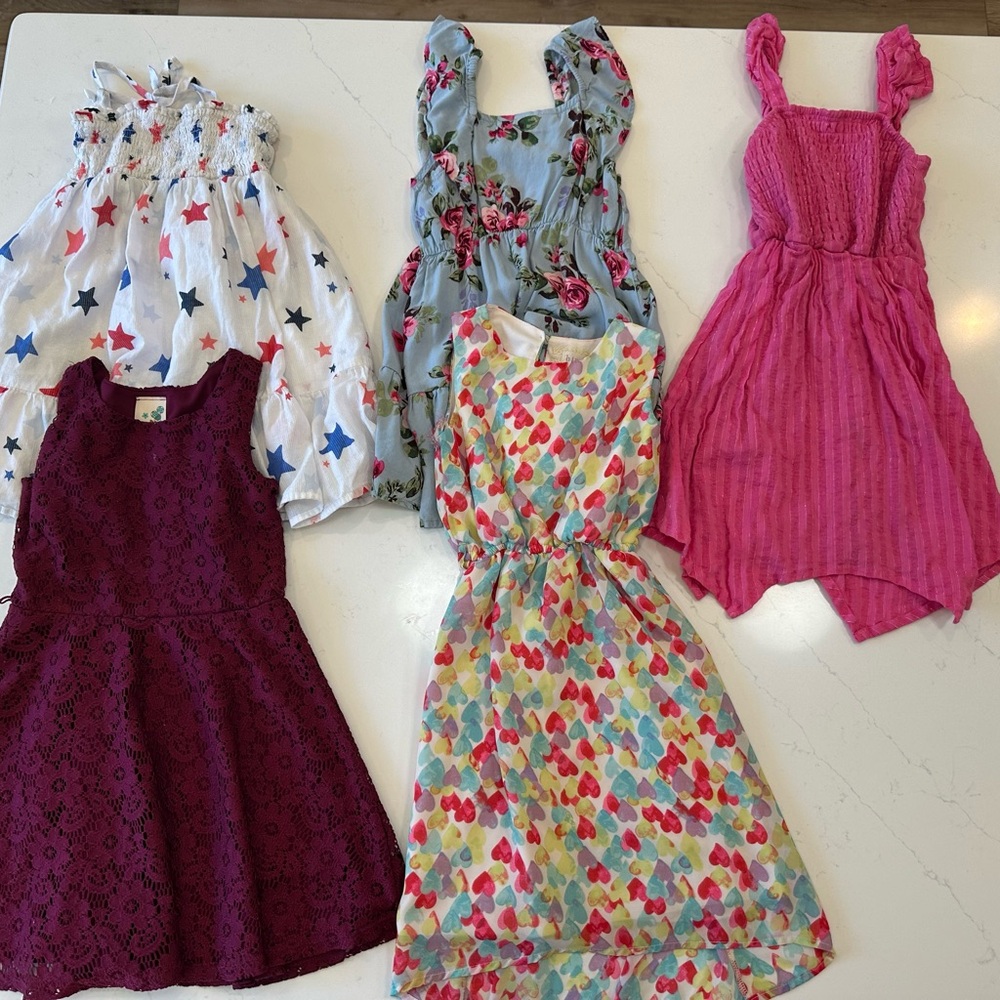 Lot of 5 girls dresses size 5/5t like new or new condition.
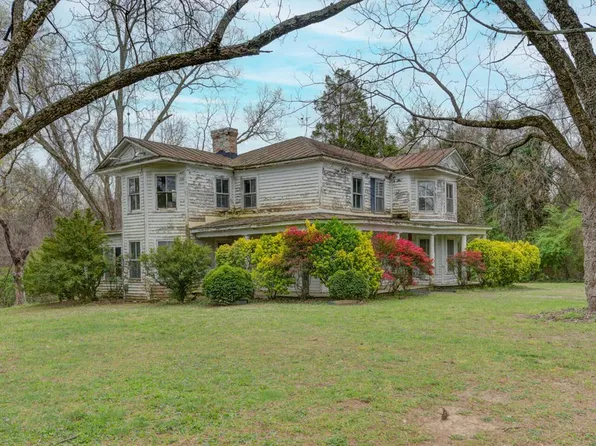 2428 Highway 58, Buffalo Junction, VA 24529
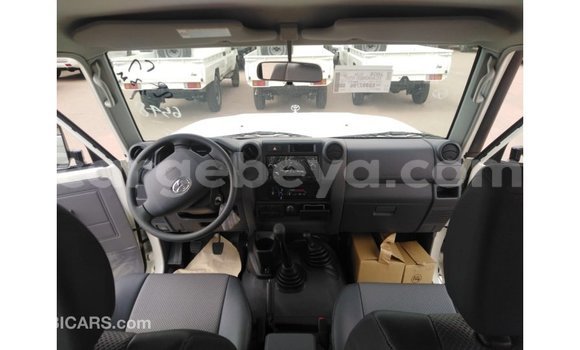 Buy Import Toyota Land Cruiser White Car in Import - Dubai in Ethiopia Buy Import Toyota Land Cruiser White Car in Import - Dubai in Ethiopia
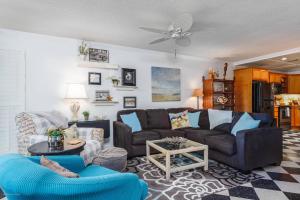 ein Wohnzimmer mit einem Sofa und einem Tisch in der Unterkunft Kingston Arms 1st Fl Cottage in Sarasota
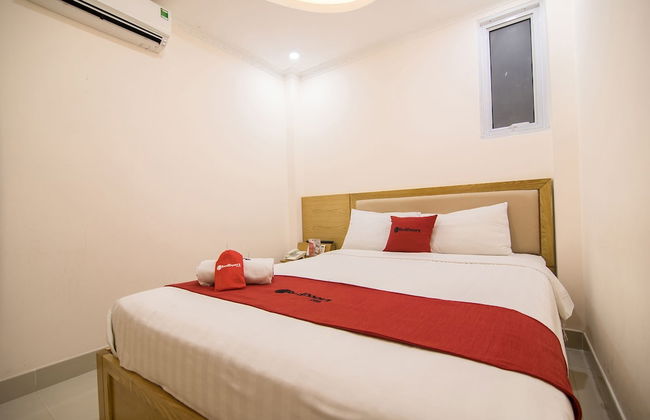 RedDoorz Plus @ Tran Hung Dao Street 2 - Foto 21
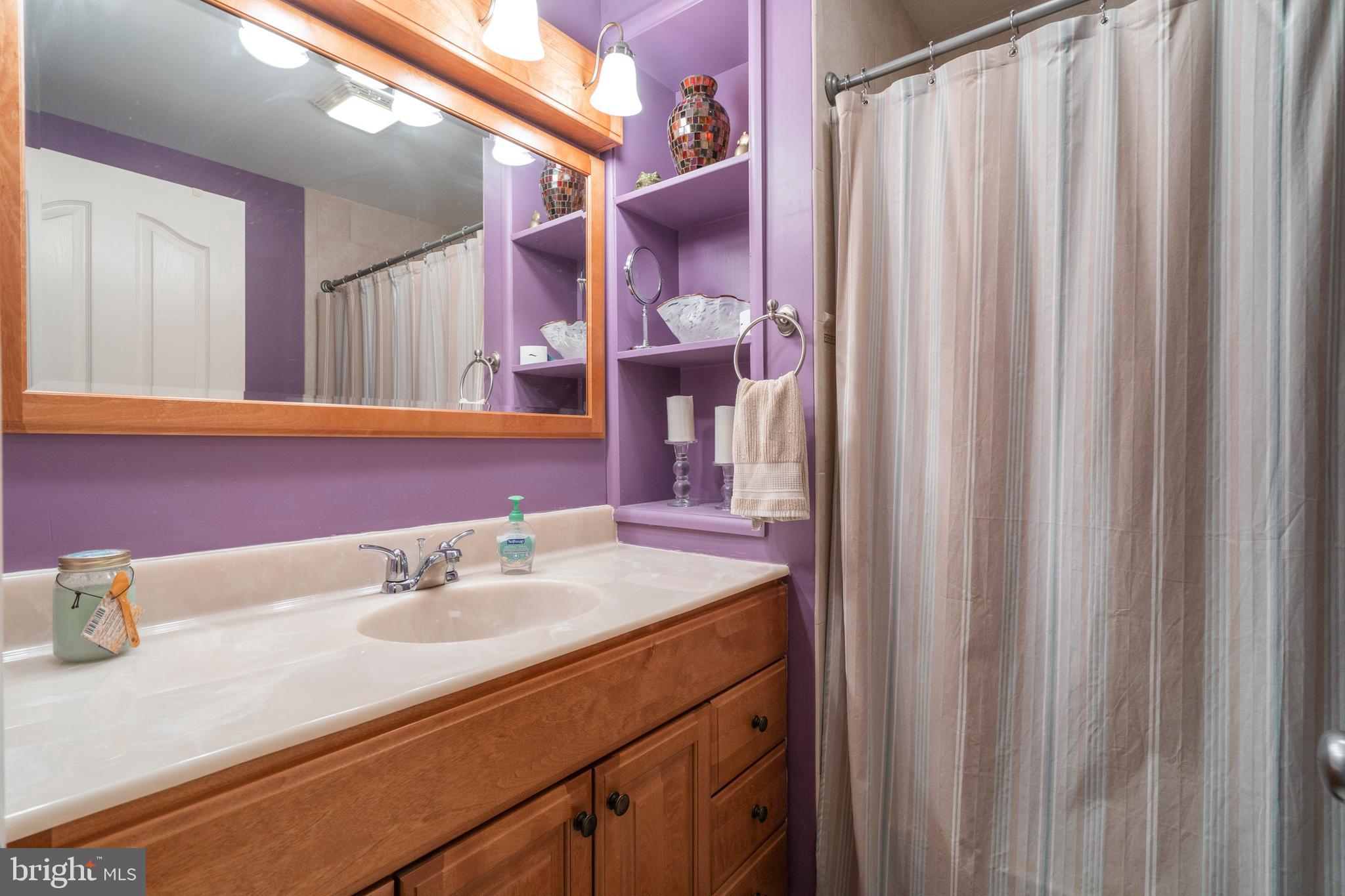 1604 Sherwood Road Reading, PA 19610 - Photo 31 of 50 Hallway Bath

* * *

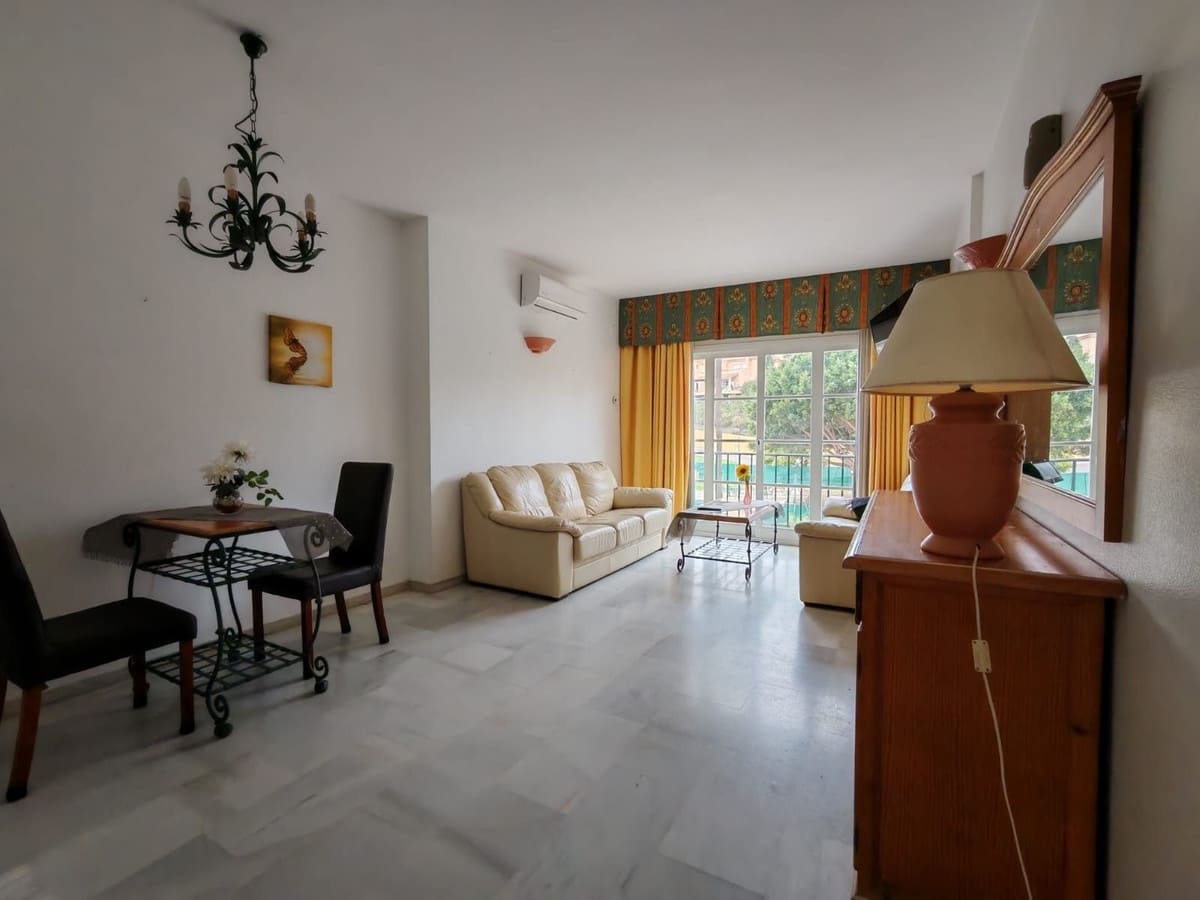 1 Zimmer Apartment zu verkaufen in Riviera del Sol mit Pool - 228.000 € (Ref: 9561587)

_TASK TO COMPLETE_
Of all the material above, only the lines from the one that has "2428 Highway 58, Buffalo Junction, VA 24529" down to the one that has "1604 Sherwood Road" are to be written out, exactly and with both ends included. Pictures are skipped.

_ANSWER SECTION_
 2428 Highway 58, Buffalo Junction, VA 24529
 Buy Import Toyota Land Cruiser White Car in Import - Dubai in Ethiopia Buy Import Toyota Land Cruiser White Car in Import - Dubai in Ethiopia
 ein Wohnzimmer mit einem Sofa und einem Tisch in der Unterkunft Kingston Arms 1st Fl Cottage in Sarasota
 RedDoorz Plus @ Tran Hung Dao Street 2 - Foto 21
 1604 Sherwood Road Reading, PA 19610 - Photo 31 of 50 Hallway Bath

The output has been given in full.